Frank De Winne, directeur du centre des astronautes de Cologne

à franceinfo

"Là, il faut réagir vite et vraiment travailler en équipe", insiste Frank De Winne, avec des priorités clairement établies : d'abord s'assurer que tous les membres à bord de la station vont bien et sont en sécurité, puis chercher à préserver le bon état et le bon fonctionnement de l'ISS. Enfin, regarder ce qui est peut être sauvegardé des expérimentations en cours.

Elle va se former à des manipulations scientifiques

Pendant les six mois qu'elle va passer à bord de l'ISS, Sophie Adenot mènera probablement environ 150 expériences scientifiques.
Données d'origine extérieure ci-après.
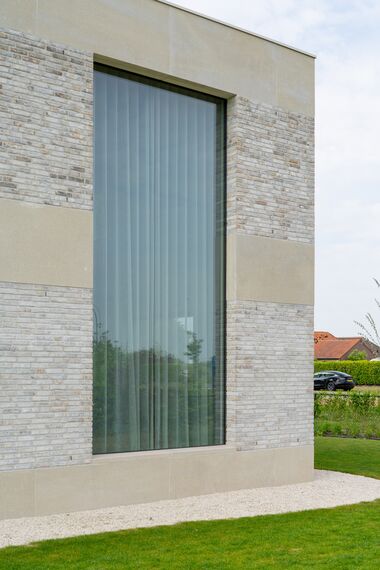 MasterLine 8 Ramen, MasterLine 8 Deuren en ConceptSystem 77 Ramen - Woonhuis Van Hoof: ontdek verborgen schatten gelegen in Den Hout, Nederland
Rien n'est établi pour l'instant. "Normalement, le programme scientifique est plus ou moins figé un an avant le vol, explique Frank De Winne. C'est à ce moment-là qu'elle va commencer l'entraînement" pour pouvoir réaliser au mieux les manipulations demandées.

"La Station spatiale internationale est un laboratoire scientifique. C'est simplement le lieu qui est différent", avait expliqué à franceinfo Rémi Canton, chef de projet de la mission Alpha avec Thomas Pesquet. Un astronaute à bord de l'ISS se retrouve finalement avec une casquette de laborantin, d'ingénieur d'études : il mène des expériences pour d'autres scientifiques, mais en orbite de la Terre, à 400 km du sol.